Так установились своеобразие и суть диккенсовского творчества: реальное пространство, место он заполняет фантастическими образами и существами, отображающими подлинную социальную психологию. Хотя они и воплощены в искаженные подчас тела, но облачены все же в реальное платье и помещены в реальную обстановку реальных вещей.
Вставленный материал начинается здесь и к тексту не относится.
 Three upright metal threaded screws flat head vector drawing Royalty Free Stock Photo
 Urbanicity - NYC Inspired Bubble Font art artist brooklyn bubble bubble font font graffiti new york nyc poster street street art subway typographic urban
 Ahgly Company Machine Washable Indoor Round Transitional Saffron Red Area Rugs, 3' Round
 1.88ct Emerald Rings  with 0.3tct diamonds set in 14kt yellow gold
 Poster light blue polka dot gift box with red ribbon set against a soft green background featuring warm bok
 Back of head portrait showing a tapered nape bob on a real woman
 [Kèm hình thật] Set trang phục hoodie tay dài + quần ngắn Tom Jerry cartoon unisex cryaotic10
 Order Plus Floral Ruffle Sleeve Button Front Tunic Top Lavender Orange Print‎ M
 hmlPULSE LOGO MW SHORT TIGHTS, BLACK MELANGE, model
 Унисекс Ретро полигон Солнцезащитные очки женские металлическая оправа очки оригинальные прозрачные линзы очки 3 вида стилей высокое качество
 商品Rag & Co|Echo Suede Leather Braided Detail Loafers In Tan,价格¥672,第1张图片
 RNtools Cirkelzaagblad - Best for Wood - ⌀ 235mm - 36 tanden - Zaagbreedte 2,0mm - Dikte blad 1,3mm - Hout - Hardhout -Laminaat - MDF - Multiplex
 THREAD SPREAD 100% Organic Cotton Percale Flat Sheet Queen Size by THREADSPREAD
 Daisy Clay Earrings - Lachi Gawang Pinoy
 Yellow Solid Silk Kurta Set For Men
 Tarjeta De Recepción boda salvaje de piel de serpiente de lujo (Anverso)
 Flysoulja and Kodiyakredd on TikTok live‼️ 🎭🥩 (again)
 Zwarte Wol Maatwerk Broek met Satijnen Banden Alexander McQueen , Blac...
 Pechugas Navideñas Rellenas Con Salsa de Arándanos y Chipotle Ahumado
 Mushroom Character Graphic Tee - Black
Для Диккенса это — не прием для усиления фантастического вымысла; таково его собственное восприятие жизни и мира, и такова сама его собственная жизнь. По виду и по душевному складу по внешнему и по внутреннему облику его герои — фантастические существа, населяющие реальные места Лондона и английской провинции, существа, среди которых он чувствует себя как в реальной среде. По сути они остаются мелкими буржуа, но идеализированными — в положительную или отрицательную сторону — фантазией Диккенса. Поэтому, когда ему было предоставлено право распоряжаться в «Записках Пиквикского клуба» сценой, местом действия, он почувствовал уверенность в своих силах, он знал, что его фантазия наполнит действием и фантастическими людьми любую реальную сцену. Как Диккенс сам подчеркивает в цитированном Предисловии, его первоначальным замыслом было только представить читателю некоторые «забавные типы и эпизоды». Никакой мысли о завязке, которая сковала бы единством действия эти типы и эпизоды, у него не было; он считал бы такую мысль неосуществимой при том способе, каким должно было выходить его произведение, то есть отдельными месячными выпусками, на протяжении двадцати месяцев. В другом Предисловии (к первому изданию в виде книги) Диккенс говорит, что ставил себе целью сделать из каждого выпуска более или менее законченное целое, но все же так, чтобы совокупность их была связана, по возможности, простыми и естественными переходами от одного приключения к другому. Единственная общая мысль у него была о клубе, мысль, подсказанная издателями, но он сделал из нее не завязку романа, а лишь отправной пункт для похождений членов клуба и для всего повествования, и это одна из причин, в силу которых «Записки Пиквикского клуба» иногда называют не романом, а эпопеей; по этому поводу следует вспомнить определение Филдинга, согласно которому роман и есть не что иное, как комический эпос.